Aim of the exercise: Your task is to output the listing word for word, with pictures excluded.

Data section:
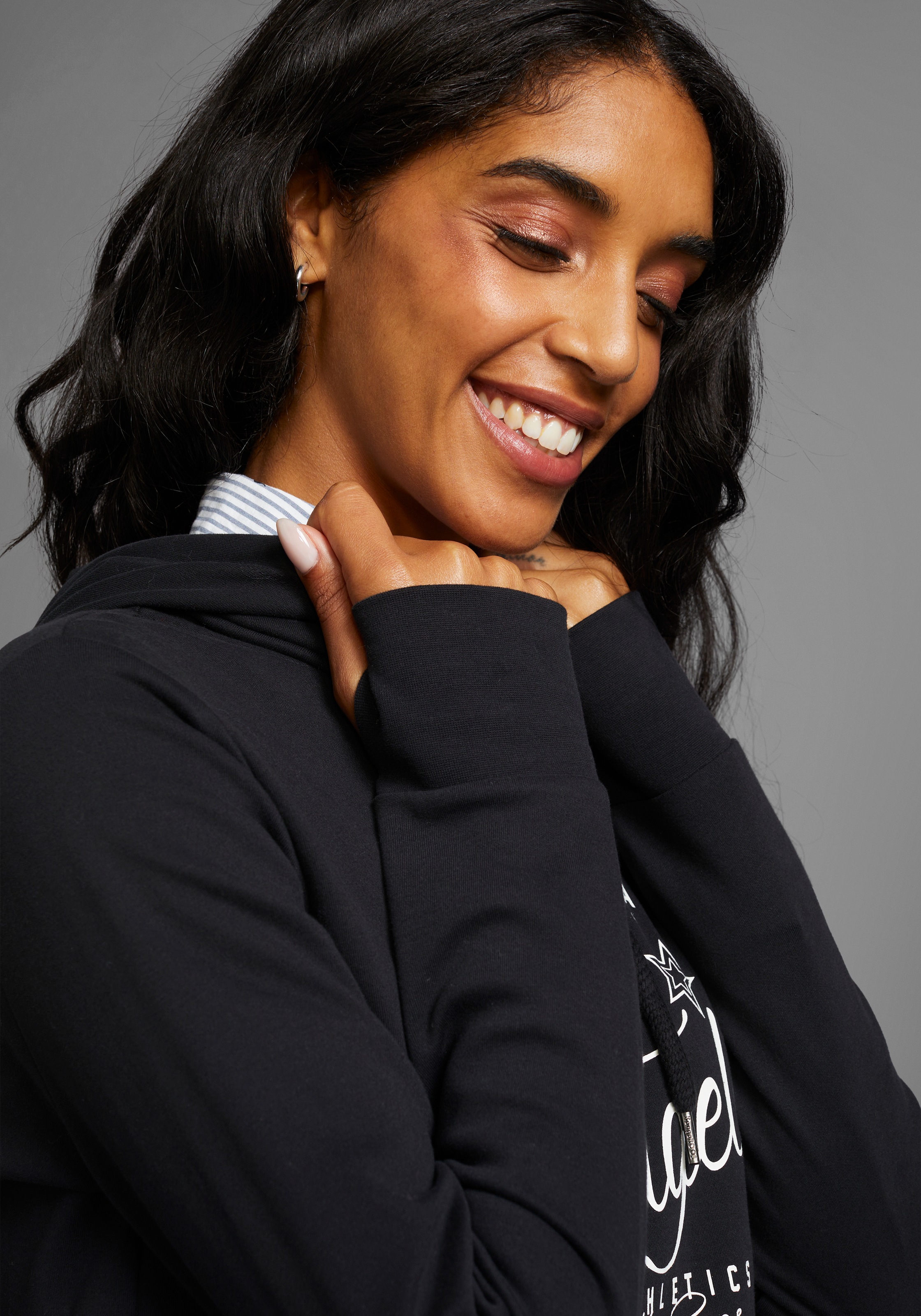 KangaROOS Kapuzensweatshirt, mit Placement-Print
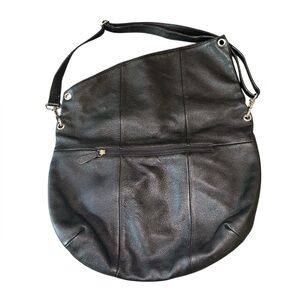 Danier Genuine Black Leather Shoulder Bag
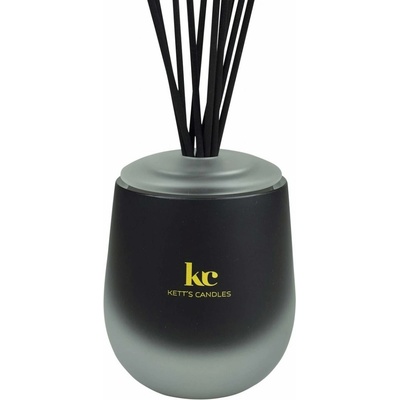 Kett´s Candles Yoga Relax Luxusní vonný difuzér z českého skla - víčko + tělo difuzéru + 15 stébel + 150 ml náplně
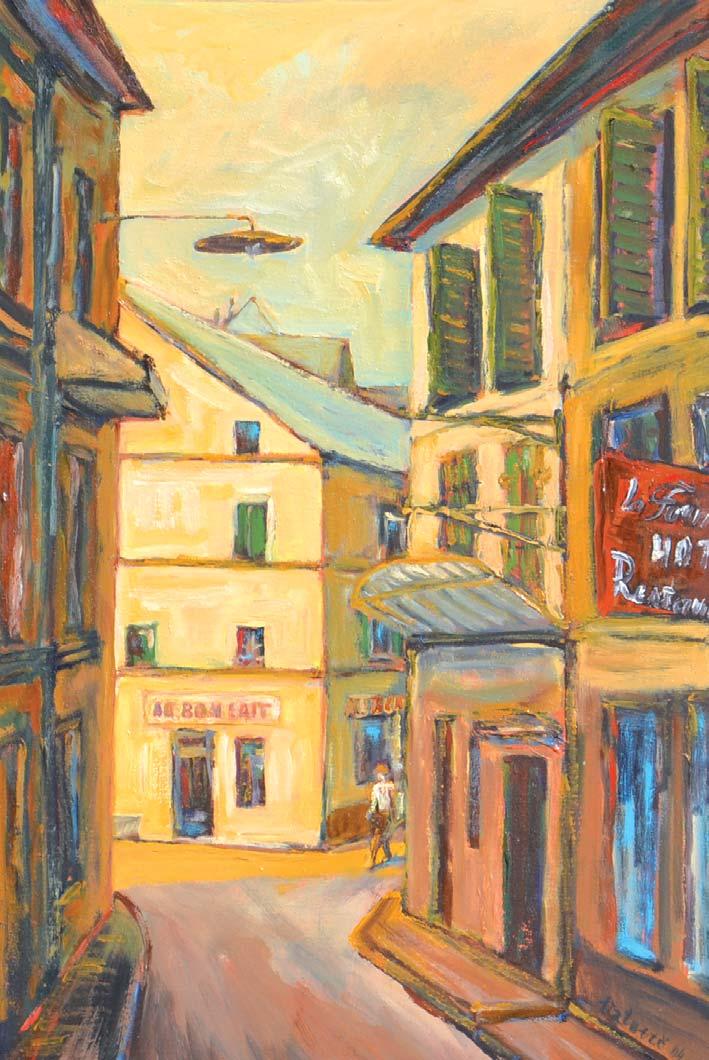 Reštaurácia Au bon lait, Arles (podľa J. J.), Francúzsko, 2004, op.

Response area:
 KangaROOS Kapuzensweatshirt, mit Placement-Print
 Danier Genuine Black Leather Shoulder Bag
 Kett´s Candles Yoga Relax Luxusní vonný difuzér z českého skla - víčko + tělo difuzéru + 15 stébel + 150 ml náplně
 Reštaurácia Au bon lait, Arles (podľa J. J.), Francúzsko, 2004, op.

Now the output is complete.